Artikel 6.2. Verantwoording

  • 1. De subsidieontvanger stuurt jaarlijks voor 1 juni een inhoudelijke en financiële verantwoording in van de uitgevoerde activiteiten in het vorige kalenderjaar binnen de subsidieperiode.

  • 2. De inhoudelijke verantwoording bestaat uit een verslag over de verrichte activiteiten waarmee kan worden aangetoond dat de gesubsidieerde activiteiten volgens plan hebben plaatsgevonden.

  • 3. De financiële verantwoording sluit aan op de ingediende begroting.

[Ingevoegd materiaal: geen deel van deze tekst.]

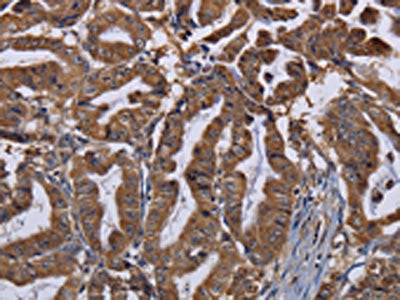 The image on the left is immunohistochemistry of paraffin-embedded Human esophagus cancer tissue using MCTS1 Antibody(MCTS1 Antibody) at dilution 1/30, on the right is treated with fusion protein. (Original magnification: ×200)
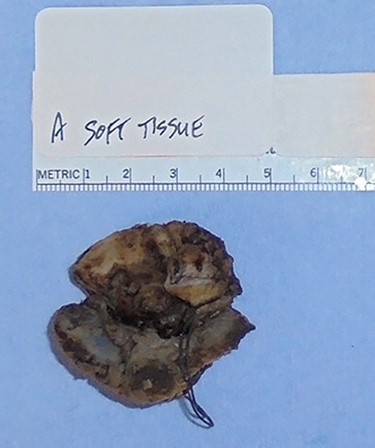 A 4.5-cm plasma cell myeloma made up of malignant plasma cells with large nucleoli positive for CD45, CD56, CD79a, CD138 and epithelial membrane antigen.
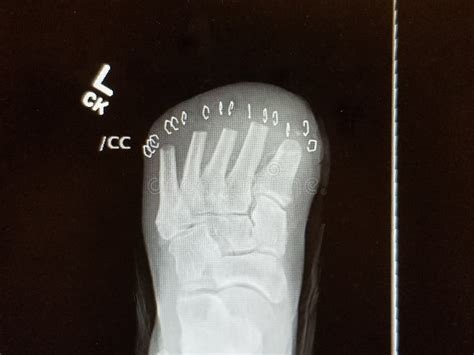 Left Foot Transmetatarsal Amputation with Staples - Plain X-ray Stock Image - Image of radiology ...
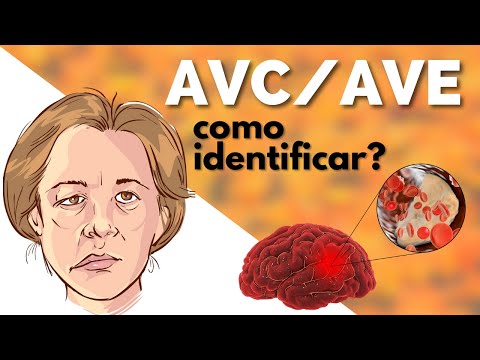 Acidente Vascular Encefálico  - AVC / AVE - O que é o AVE ? Como identificar AVE ? O que fazer AVE ?
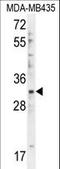DTW Domain Containing 1 antibody, LS-C167553, Lifespan Biosciences, Western Blot image 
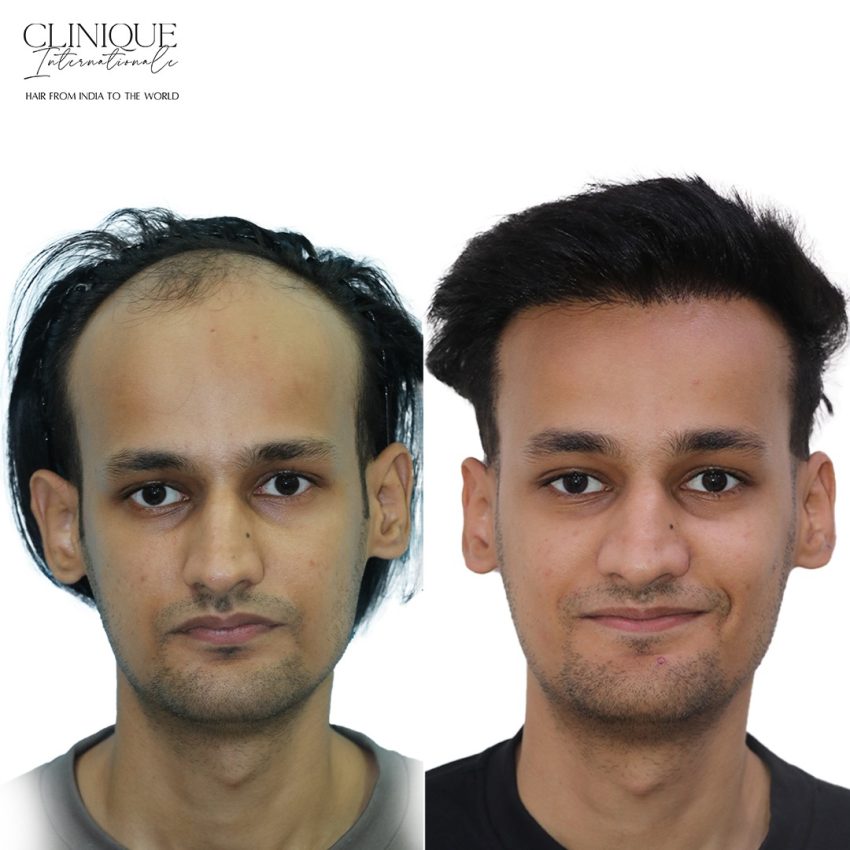 Hair Transplant in Lucknow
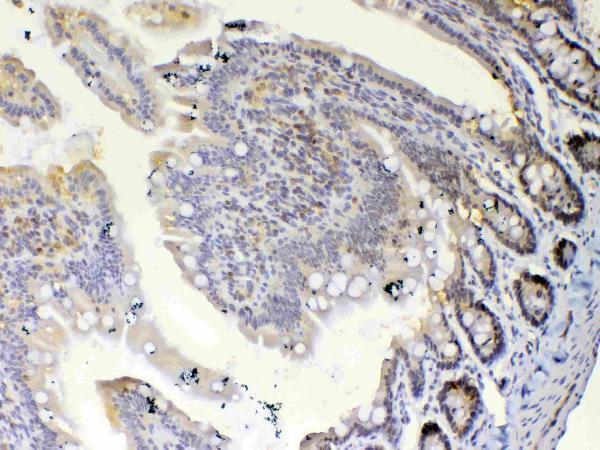 a00361 1 etv6 primary antibodies ihc testing 5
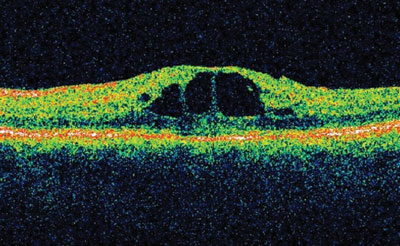 Figure 5. Optical coherence tomography demonstrated cystoid macular edema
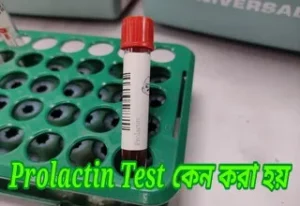 prolactin test কেন করা হয়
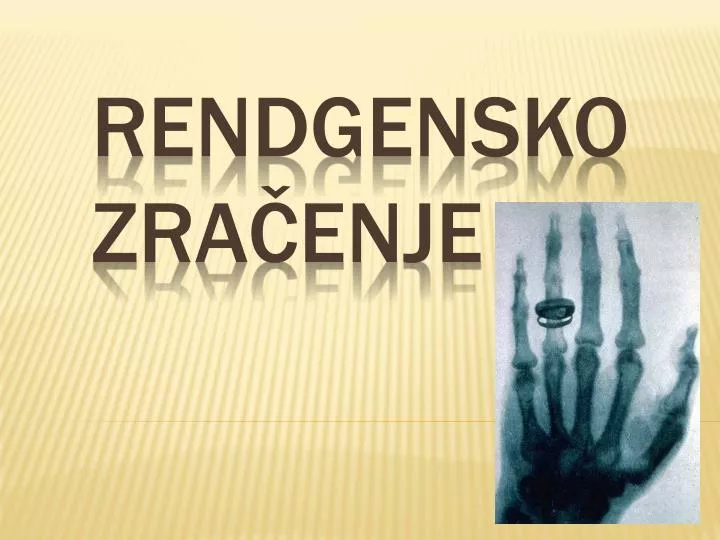 rendgensko zra enje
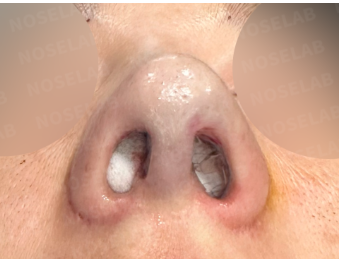 Immediate postoperative nostril view showing nostril symmetry and columella alignment after revision rhinoplasty using rib cartilage graft.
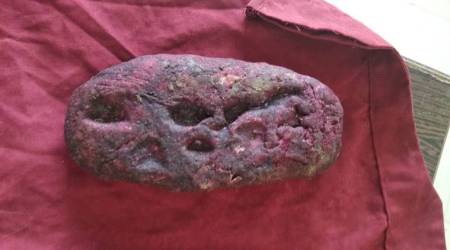 mp woman fakes pregnancy, woman fakes pregnancy, mp woman stillborn baby, madhya pradesh fake pregnancy, mp pregnant woman, mp woman carries dough, indian express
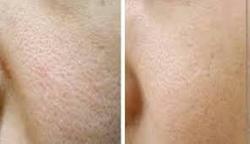 با منافذ باز پوست چه کنم؟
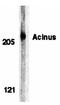 Apoptotic Chromatin Condensation Inducer 1 antibody, orb74402, Biorbyt, Western Blot image 
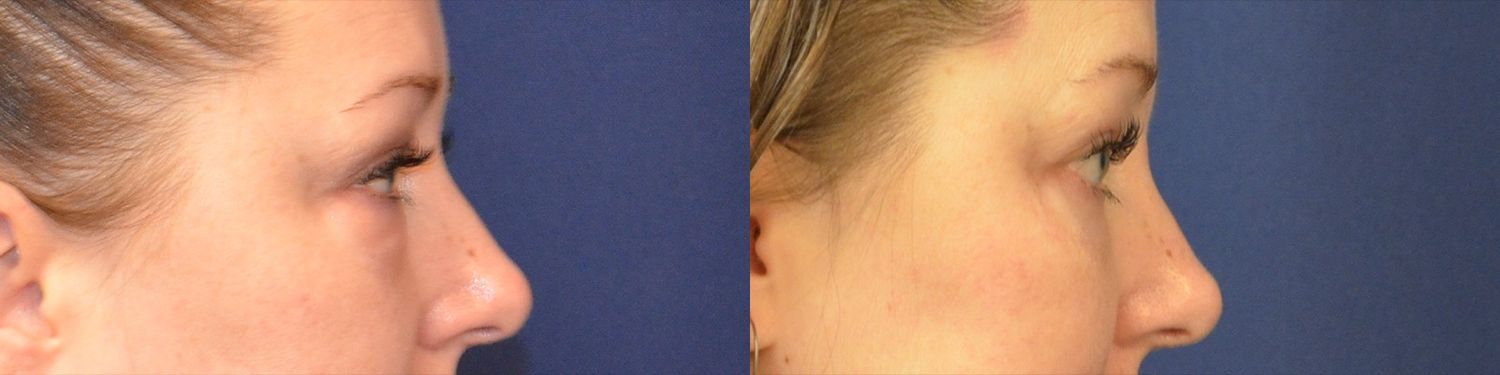 Blepharoplasty Before & After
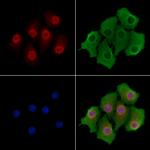 SRSF11 Polyclonal Antibody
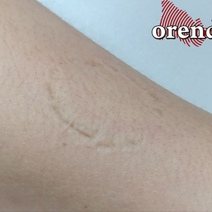 Инстинкт предков: жительница Бугурусланского района покусала полицейского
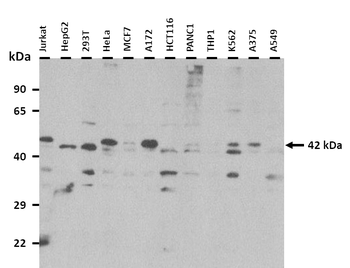 MBNL1 Rabbit Polyclonal Antibody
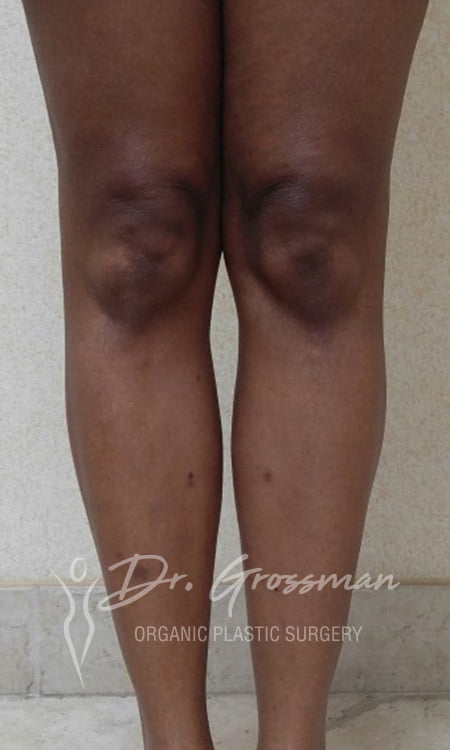 Calf Augmentation with Fat 143 2 9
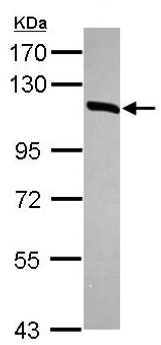 Anti-Hexokinase Type III antibody (ab126217) at 1/1000 dilution + Hela whole cell lysate at 30 µg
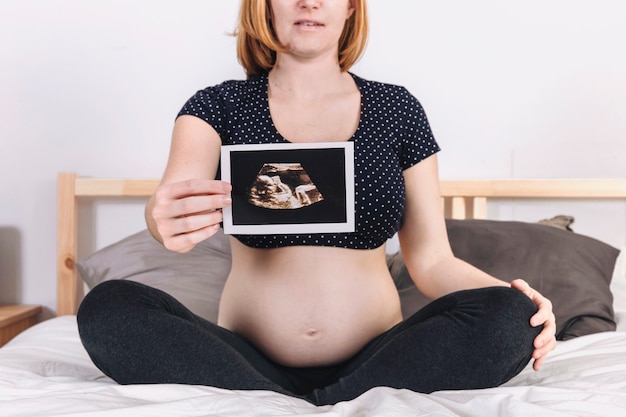 Photo pregnant woman showing ultrasound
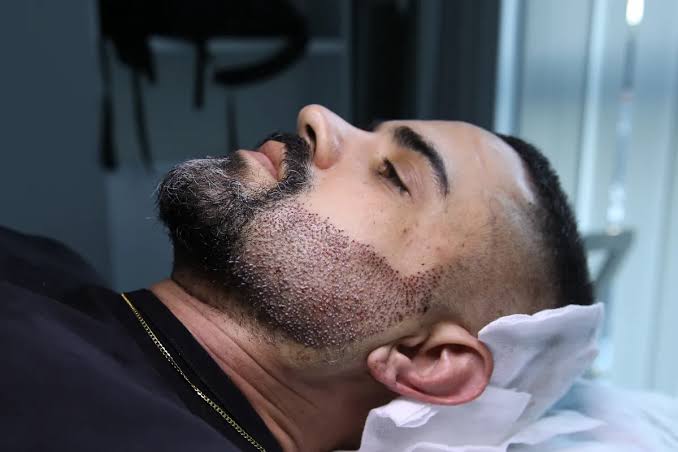 Beard Transplant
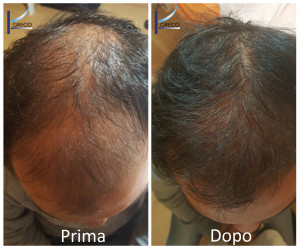  Alopecia Androgenetica prima e dopo 4 mesi di trattamento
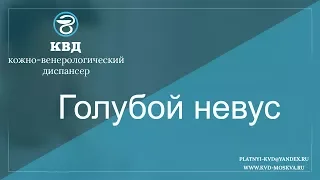 360  Голубой невус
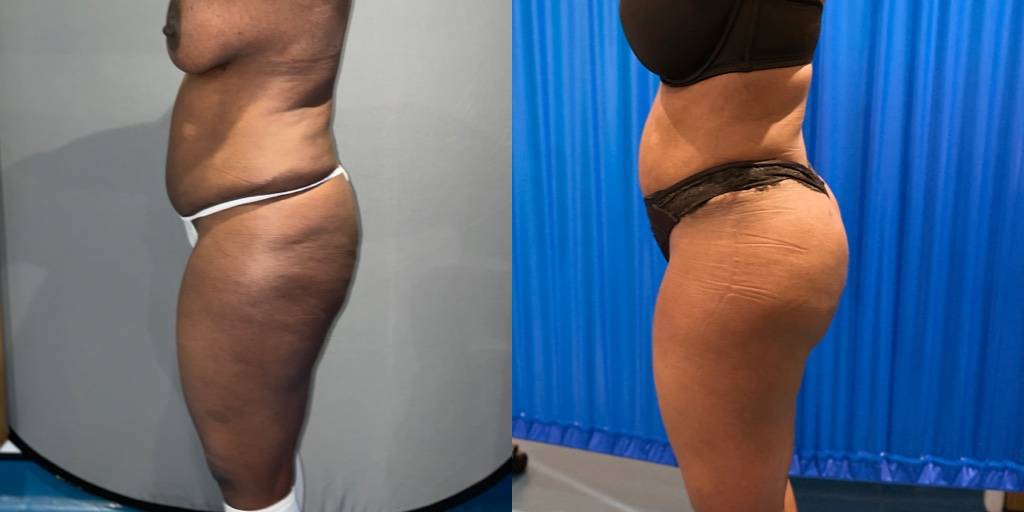Brazilian Butt Lift Before And After Side View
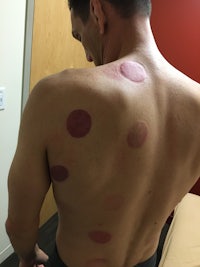 a man with red dots on his back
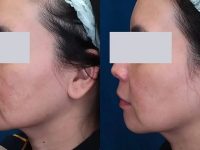 laser-treatment-for-melasma-before-and-after-13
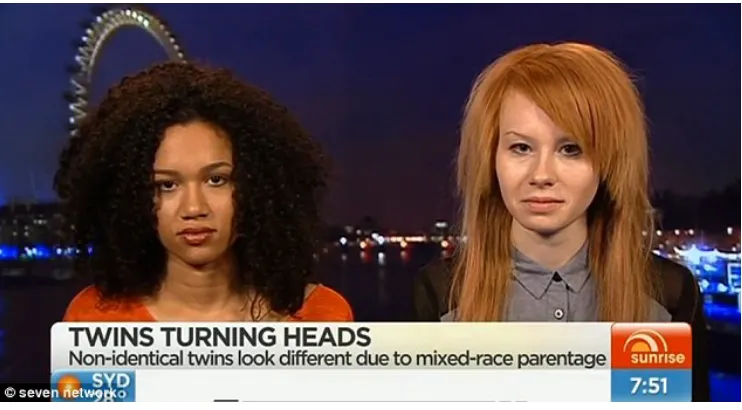 Figure 3. Difference visualized through coverage of mixed-race twins. 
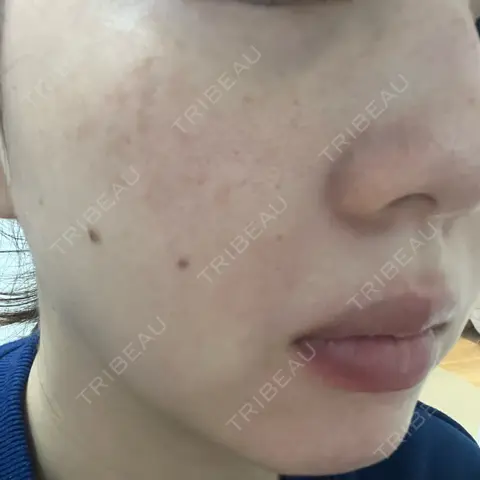 ルメッカ GLAMRULE CLINIC (グラムルール クリニック) 銀座院 AFTER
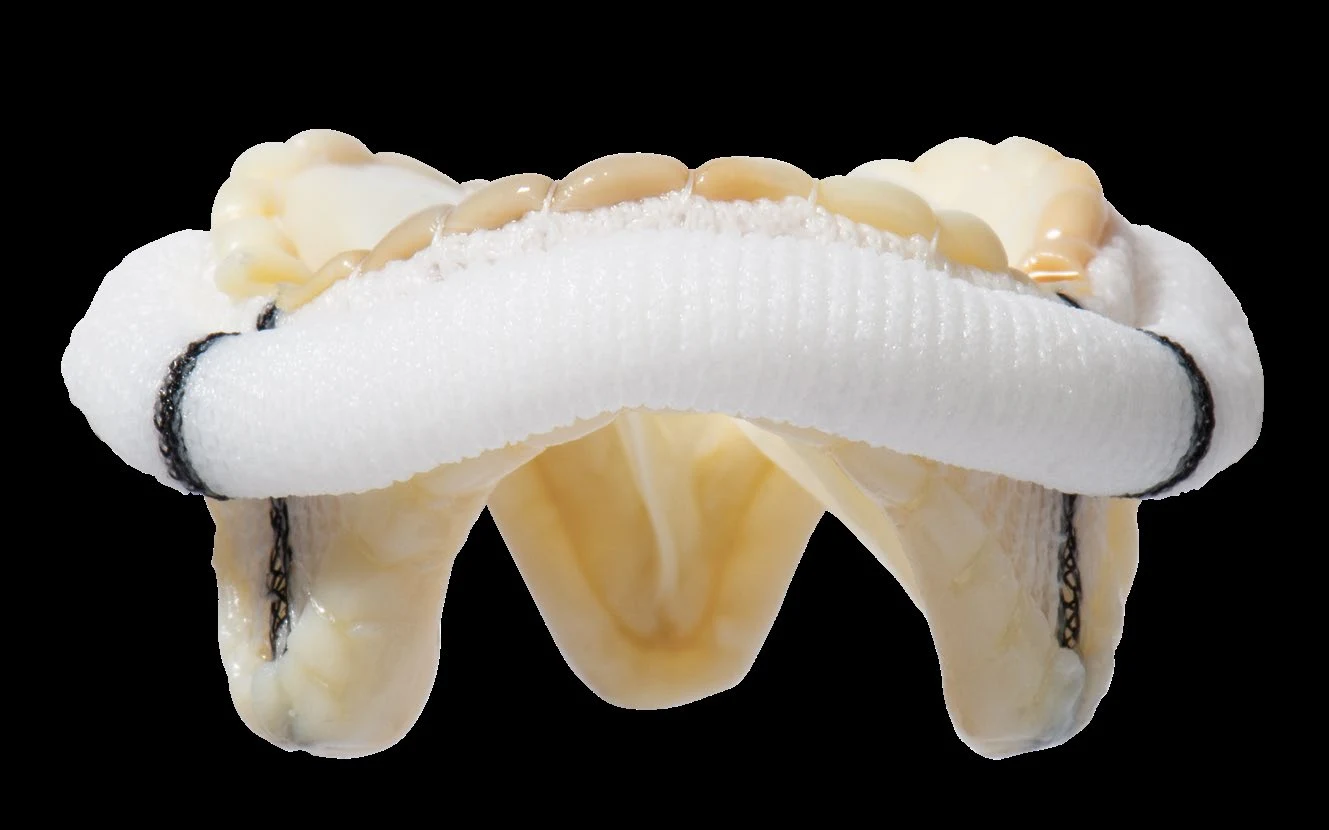 Epic™ Plus Mitral and Aortic Stented Tissue Valves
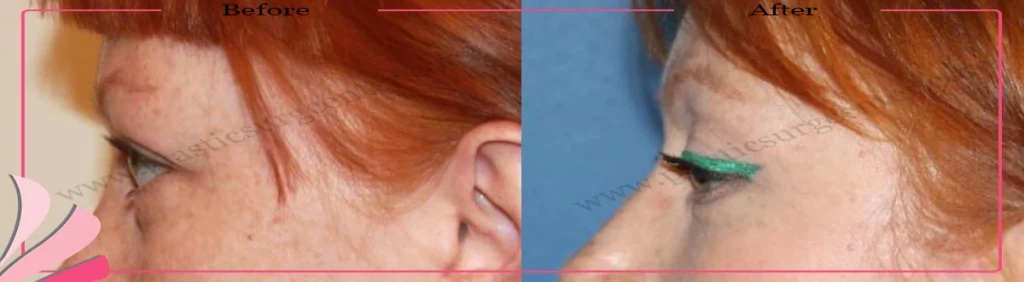 Upper eyelid surgery - case 27 - Right Profile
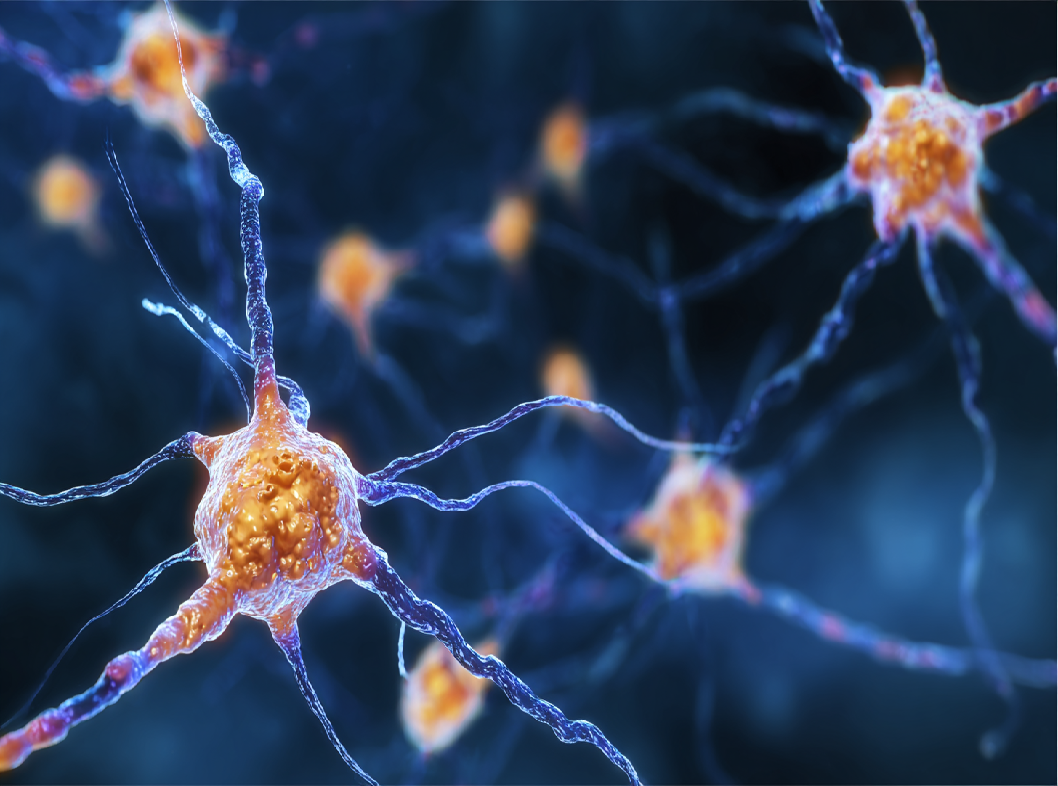 Рассеянный склероз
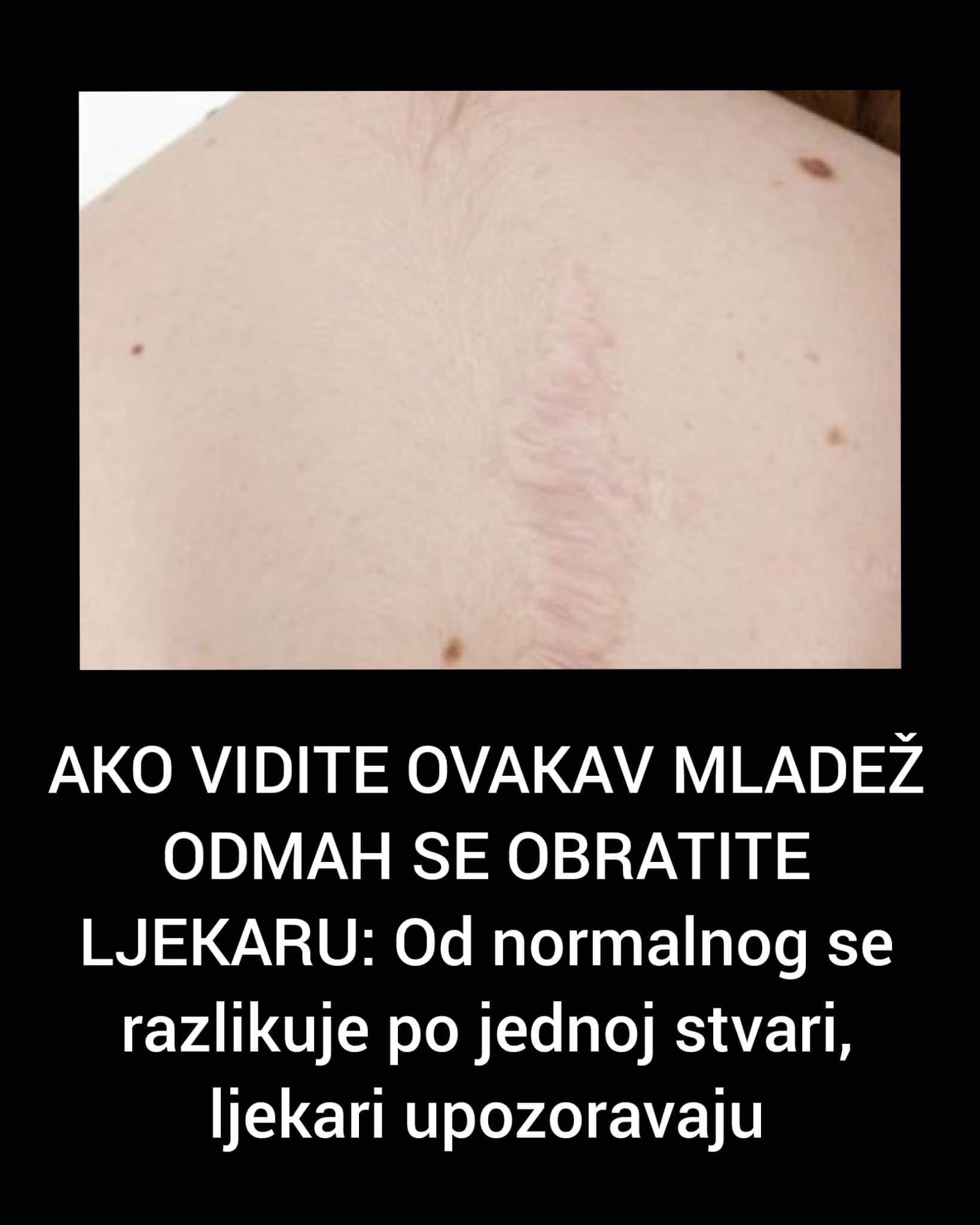 AKO VIDITE OVAKAV MLADEŽ ODMAH SE OBRATITE LJEKARU:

  • 4. De financiële verantwoording van aanvragers die een subsidie van 125.000 euro of meer per jaar ontvangen, dient vergezeld te gaan van een verklaring omtrent de getrouwheid en de rechtmatigheid afgegeven door een accountant als bedoeld in artikel 393, eerste lid, van Boek 2 van het Burgerlijk Wetboek. De verklaring dient te zijn opgesteld overeenkomstig een door het bestuur vast te stellen protocol. Titel 9 van Boek 2 van het Burgerlijk Wetboek, met uitzondering van de afdelingen 1, 7, 11, 12, 14 en 15, is van toepassing op de financiële verantwoording, met dien verstande dat de winst- en verliesrekening wordt vervangen door een exploitatierekening.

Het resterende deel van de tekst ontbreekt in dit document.